:: Brief ::
For this exercise, copy exactly every line from the one holding "GTA San Andreas Batman Mod" through the end of the data, both included. Omit pictures.

:: Information supplied ::

○ ○ ○ ○ ○

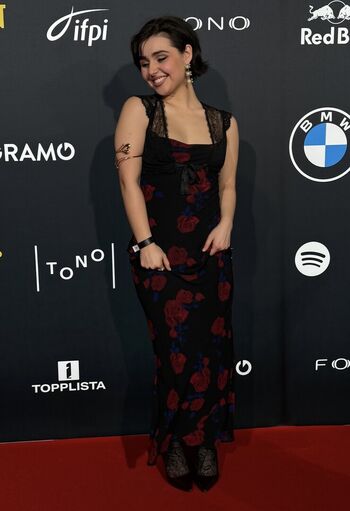 Full leaked Alessandra mele private photo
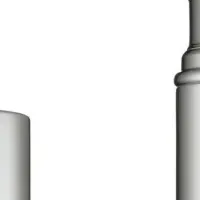 新スティック登場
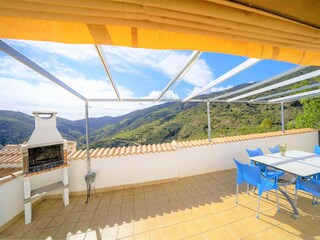 Vakantiepark Laroya Buitenaudio-opname 9
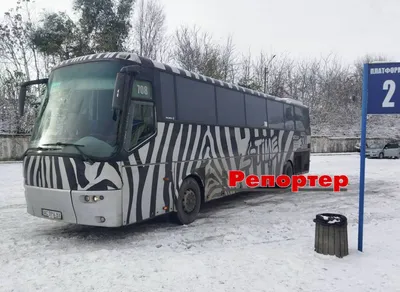 Волынская область, VDL Bova Futura FHD-127.365 № 700 — Фото — Автобусный  транспорт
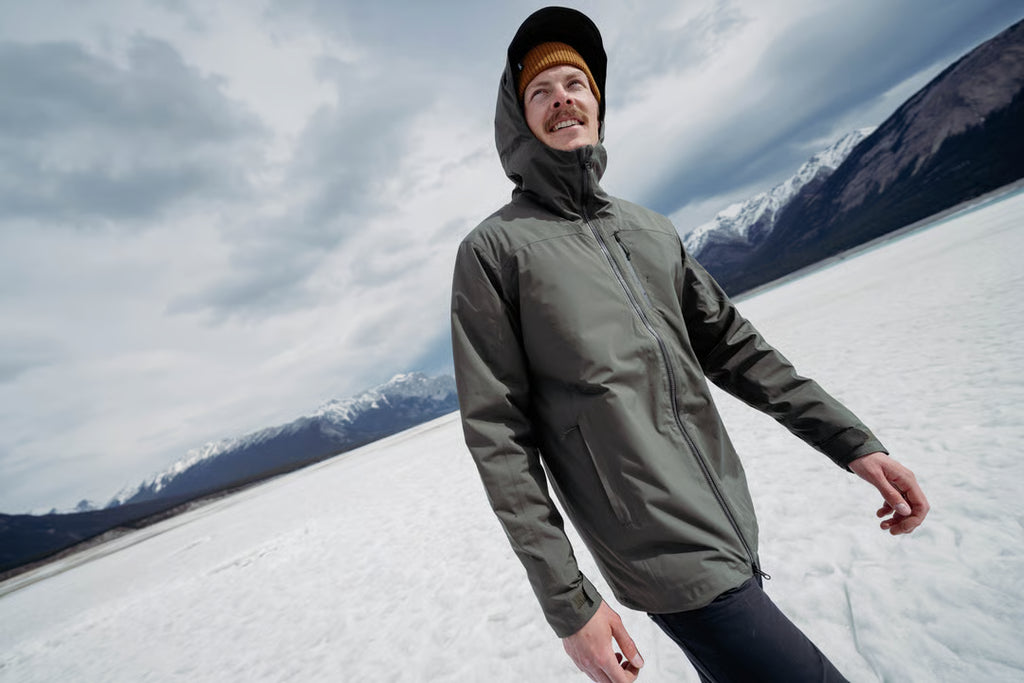 Stretch Voyagr™ Insulated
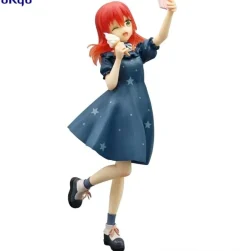 FuRyu Trio Try iT Bocchi the Rock! Ikuyo Kita Figure JAPAN OFFICIAL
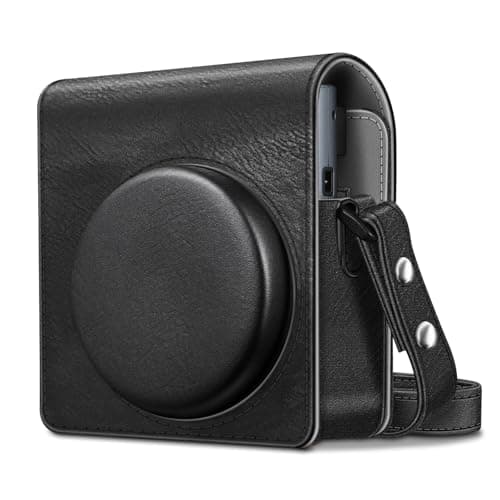 Fintie Funda protectora para cámara Fujifilm Instax Mini 41 (imagen de Amazon)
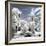 Another Look - Paris-Philippe Hugonnard-Framed Photographic Print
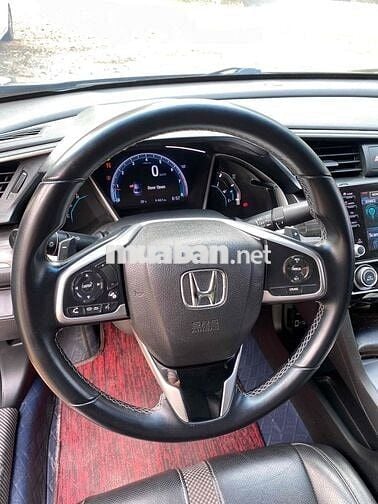 Honda Civic 2021 G - 95000 km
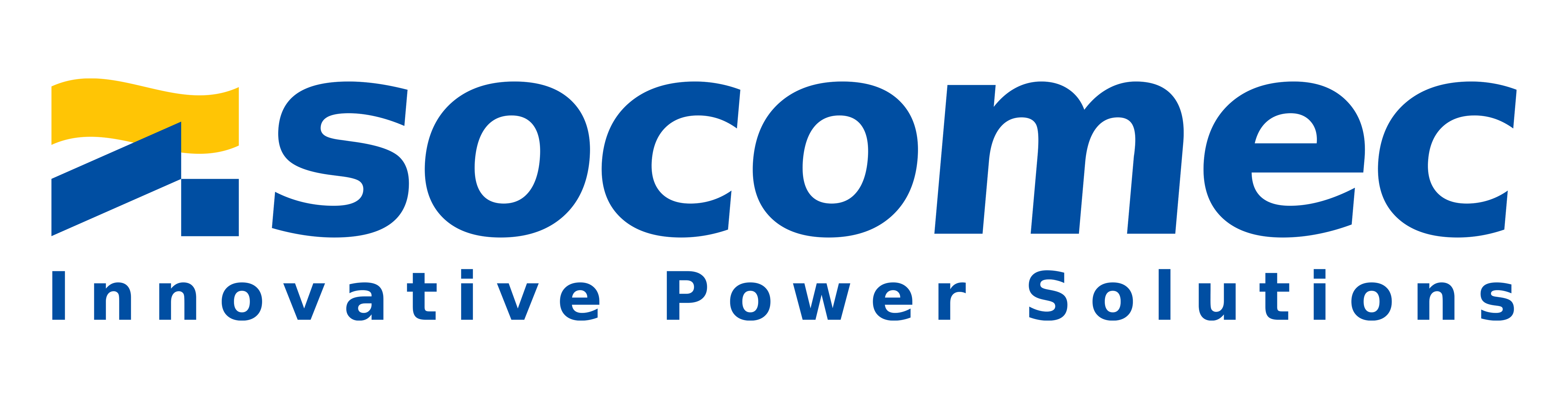 Logo de SOCOMEC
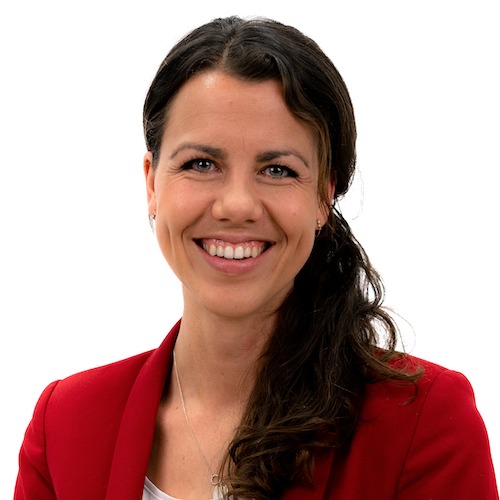 Dorien Nieuwenhuizen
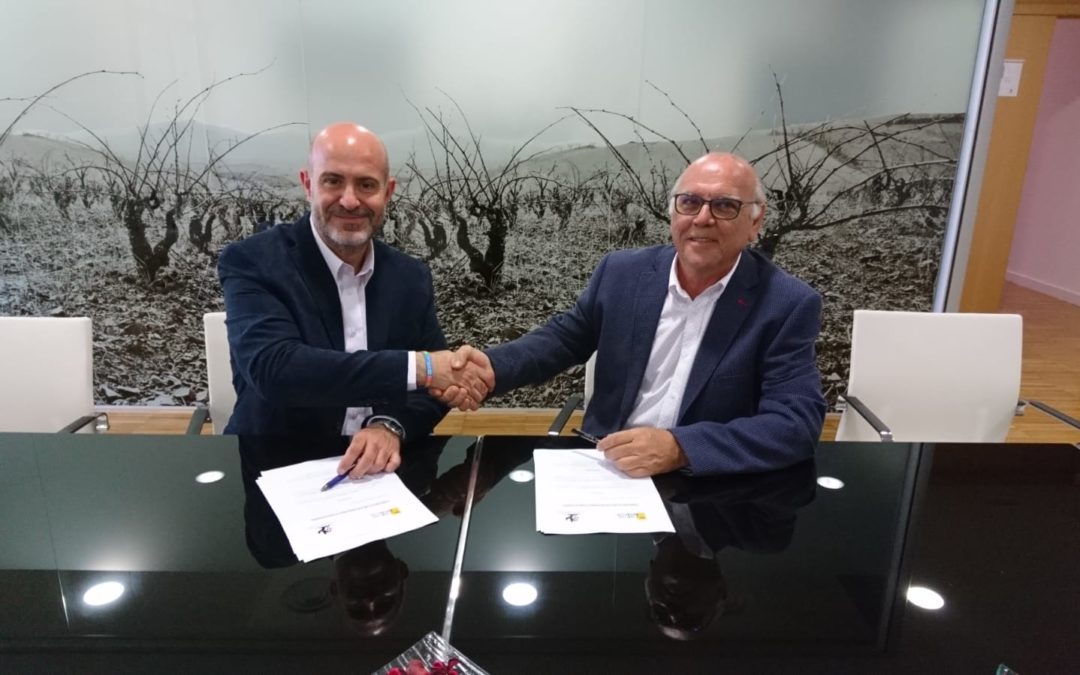 La D.O. Calatayud será ‘Patrocinador Oro’ del XXIV Concurso de Tapas de Zaragoza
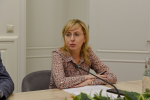В Доме Советов провели совещание с главами приграничных районов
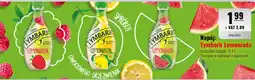 Eurocash Tymbark Lemoniada oferta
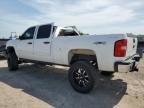 2013 Chevrolet Silverado K2500 Heavy Duty Lt   en Venta en Houston, TX - Front End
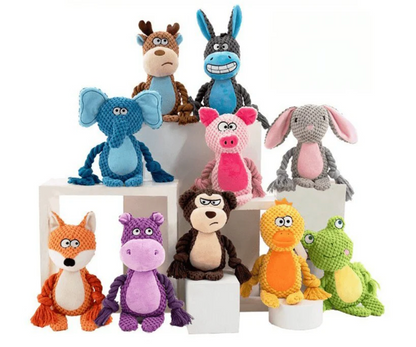 TAILOFJOY™ Designed for Strong Chewers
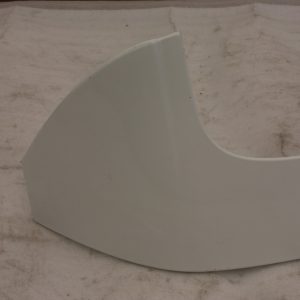 Ford Fiesta Tailgate Bootlid Spoiler 2008 TO 2017 8A61-A44210-B Genuine - Image 9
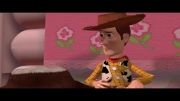 انیمیشن های والت دیزنی و پیکسار | Toy Story | بخش ۸ | دوبله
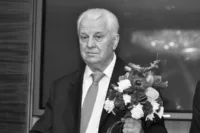 Кравчук Леонід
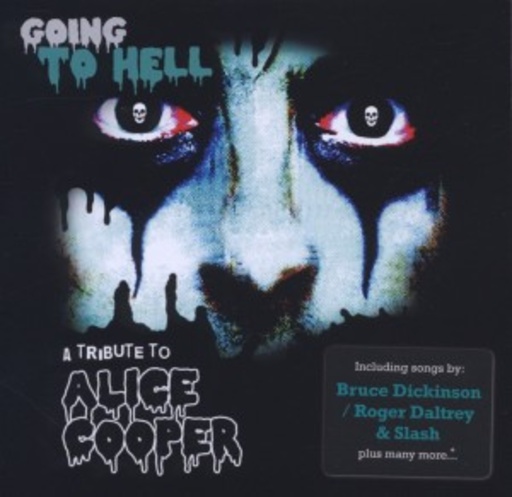 Diverse – A Tribute To Alice Cooper
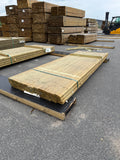 Paket Tryckimpregnerade Reglar 45x95mm 3.0m 33st (NTR AB)
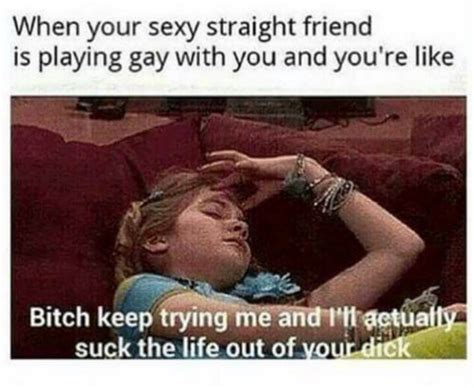 10 hilarious memes that sum up growing up gay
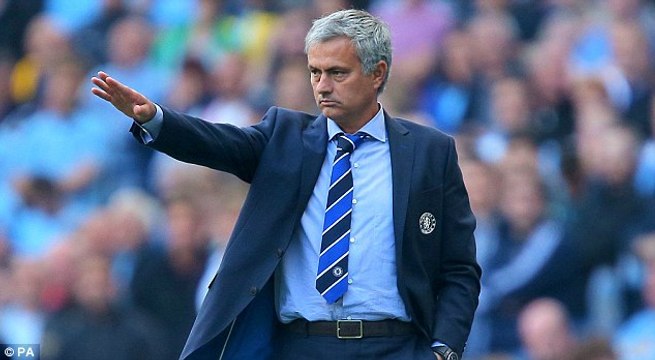 Le top 11 des entraîneurs les mieux payés au monde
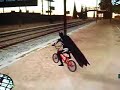 GTA San Andreas Batman Mod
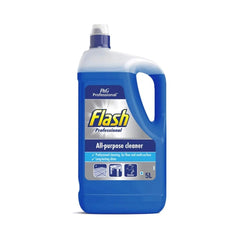 Flash Professional All Purpose Liquid Cleaner Ocean 5L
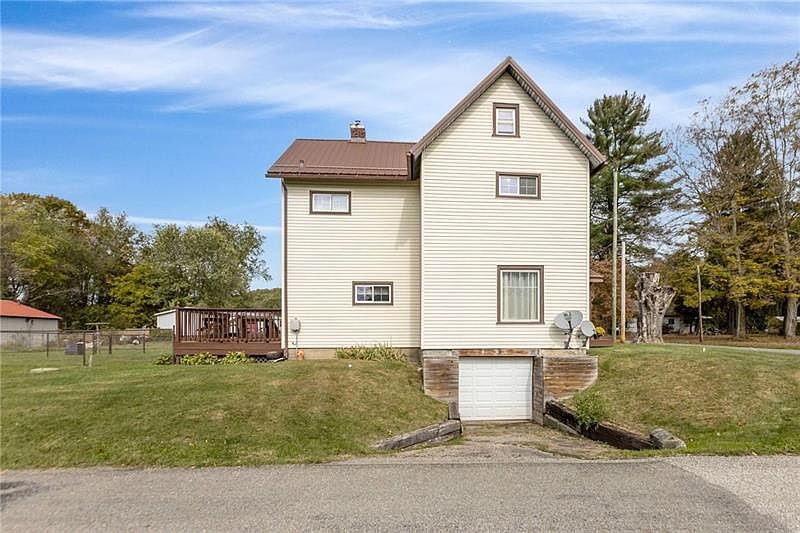 25 Loper Rd, Hadley, PA 16130 Zillow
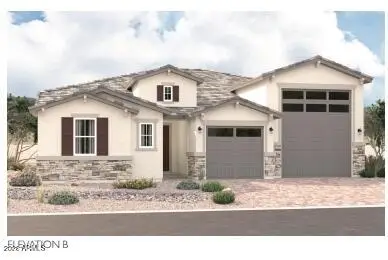 15749 W Hackamore Drive, Surprise, AZ 85387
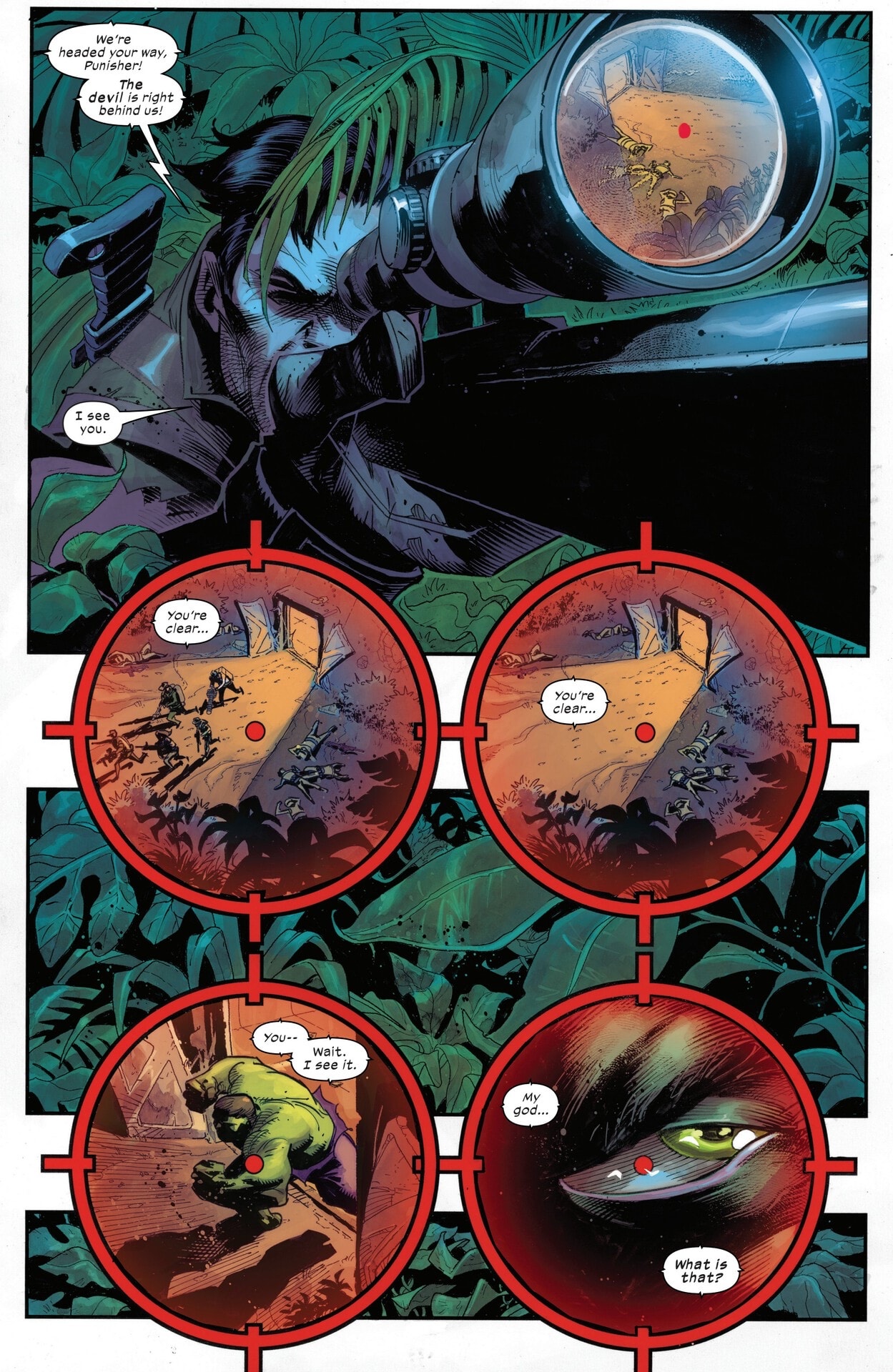 Spider-Man: Long Way Home Issue #1 - Page 13
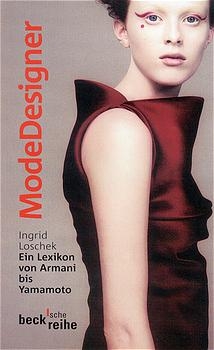 Modedesigner - Ingrid Loschek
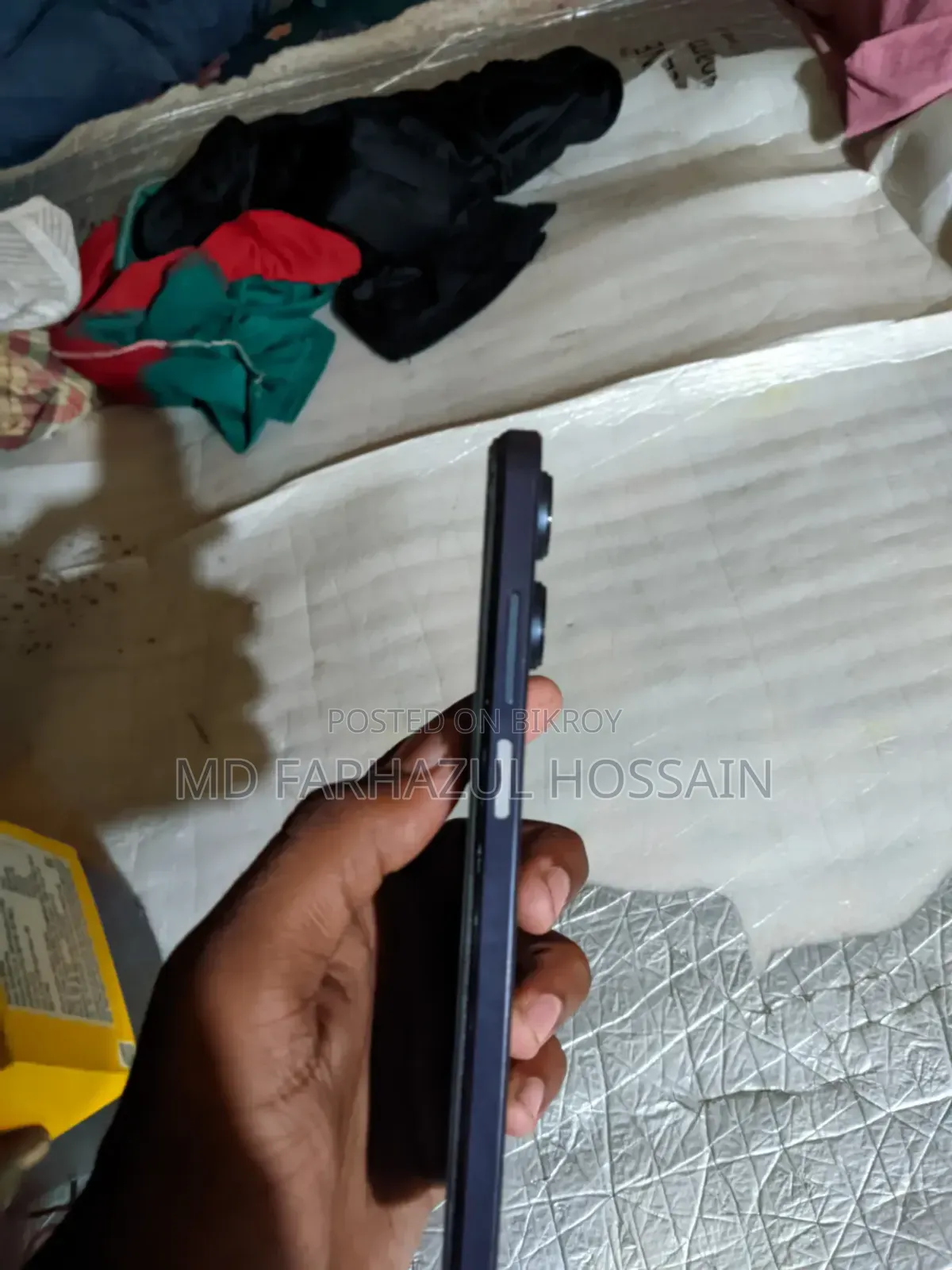 Realme 10 128 GB Black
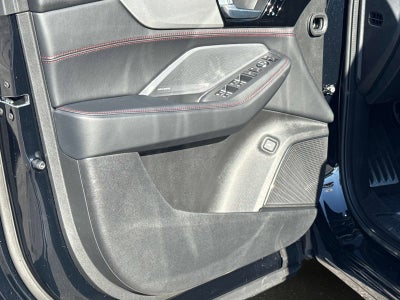 2026 Acura MDX w/A-Spec Package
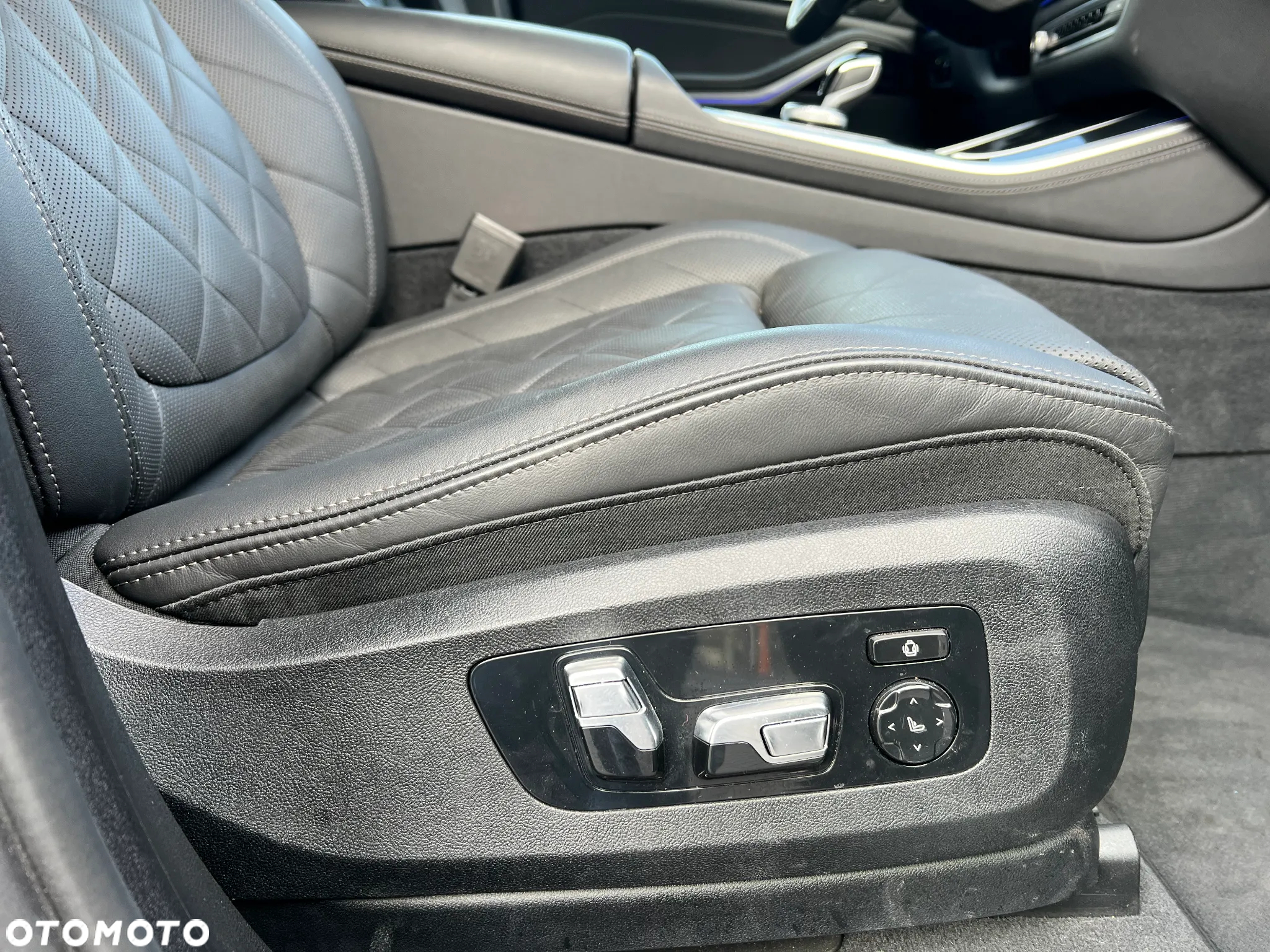 BMW X5 xDrive30d xLine - 30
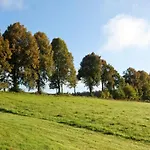Terrace Retreat In *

○ ○ ○ ○ ○

:: Solution ::
 GTA San Andreas Batman Mod
 Flash Professional All Purpose Liquid Cleaner Ocean 5L
 25 Loper Rd, Hadley, PA 16130 Zillow
 15749 W Hackamore Drive, Surprise, AZ 85387
 Spider-Man: Long Way Home Issue #1 - Page 13
 Modedesigner - Ingrid Loschek
 Realme 10 128 GB Black
 2026 Acura MDX w/A-Spec Package
 BMW X5 xDrive30d xLine - 30
Terrace Retreat In *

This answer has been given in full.